Is there any perf benchmark on reading multiple versions of data from delta table?

43 views

Skip to first unread message

Brad L

unread,

Nov 4, 2024, 11:53:09 PM11/4/24

to Delta Lake Users and Developers

Hi team,

If delta table raw is loaded from Kinesis or Kafka by a structured streaming job, and likely every several seconds it has a new version.

I use a downstream job to consume from raw. The downstream job is a structured streaming job with trigger=availableNow to read from raw and it is triggered daily. So each trigger might see many versions (say, 20,000 versions) from raw.

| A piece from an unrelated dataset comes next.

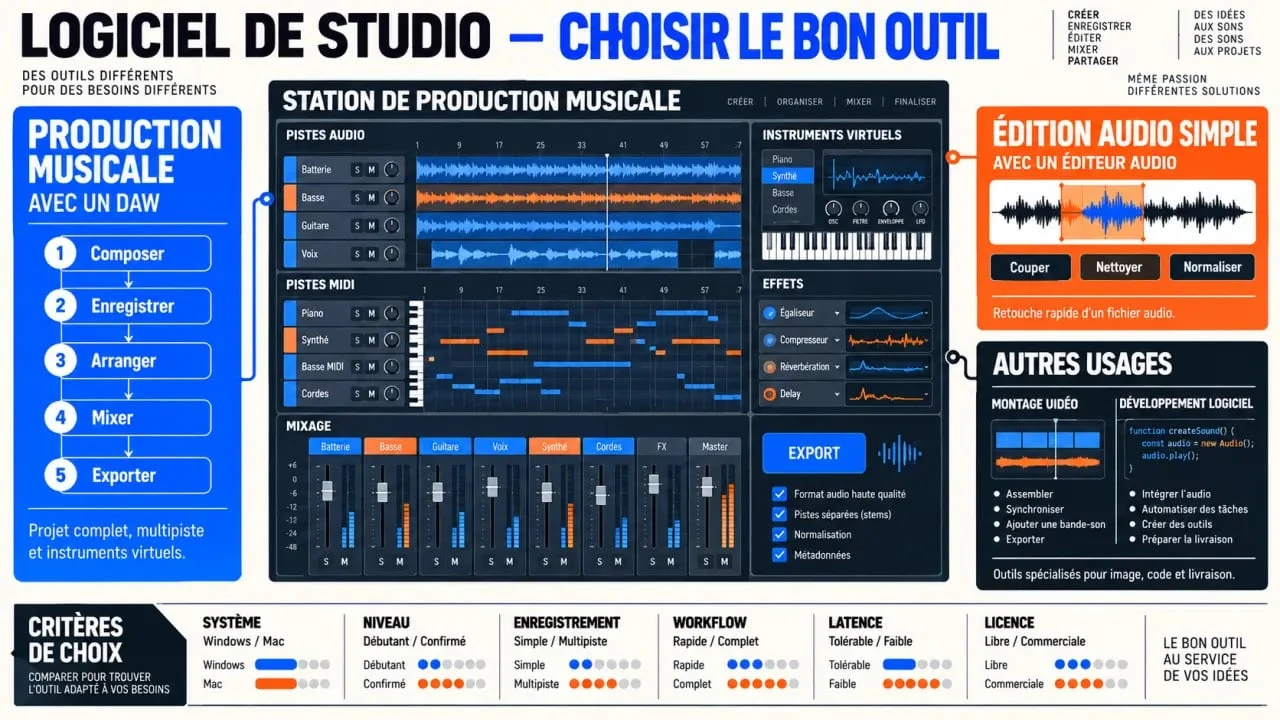Infographie pour comprendre les différents usages d’un logiciel de studio musical, de l’enregistrement au mixage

After I readStream from raw table,I use foreachBatch to do MERGE on a target delta table.
The MERGE seems fast (less than 1 min) but it shows a long time on duraionMs like

[batchId = 320] Streaming query made progress: { "id" : "...", "runId" : "...", "name" : null, "timestamp" : "2024-10-21T02:52:57.029Z", "batchId" : 320, "batchDuration" : 182297, "numInputRows" : 0, "inputRowsPerSecond" : 0.0, "processedRowsPerSecond" : 0.0, "durationMs" : { "addBatch" : 51186, "commitOffsets" : 66, "getBatch" : 37802, "latestOffset" : 91964, "queryPlanning" : 783, "triggerExecution" : 182287, "walCommit" : 317 }, "stateOperators" : [ ], "sources" : [ { "description" : "DeltaSource[s3://...]", "startOffset" : { "sourceVersion" : 1, "reservoirId" : "...", "reservoirVersion" : 3292332, "index" : -1, "isStartingVersion" : false }, "endOffset" : { "sourceVersion" : 1, "reservoirId" : "...", "reservoirVersion" : 3294059, "index" : -1, "isStartingVersion" : false }, "latestOffset" : null, "numInputRows" : 0, "inputRowsPerSecond" : 0.0, "processedRowsPerSecond" : 0.0, "metrics" : { "numBytesOutstanding" : "705134", "numFilesOutstanding" : "28" } } ], "sink" : { "description" : "ForeachBatchSink", "numOutputRows" : -1 } }

As you can see it needs a long time for latestOffset and addBatch, and seems the time is linear to how many versions away from last offset. So delta table is not good at being consumed by a big version interval? Is there a benchmark on this?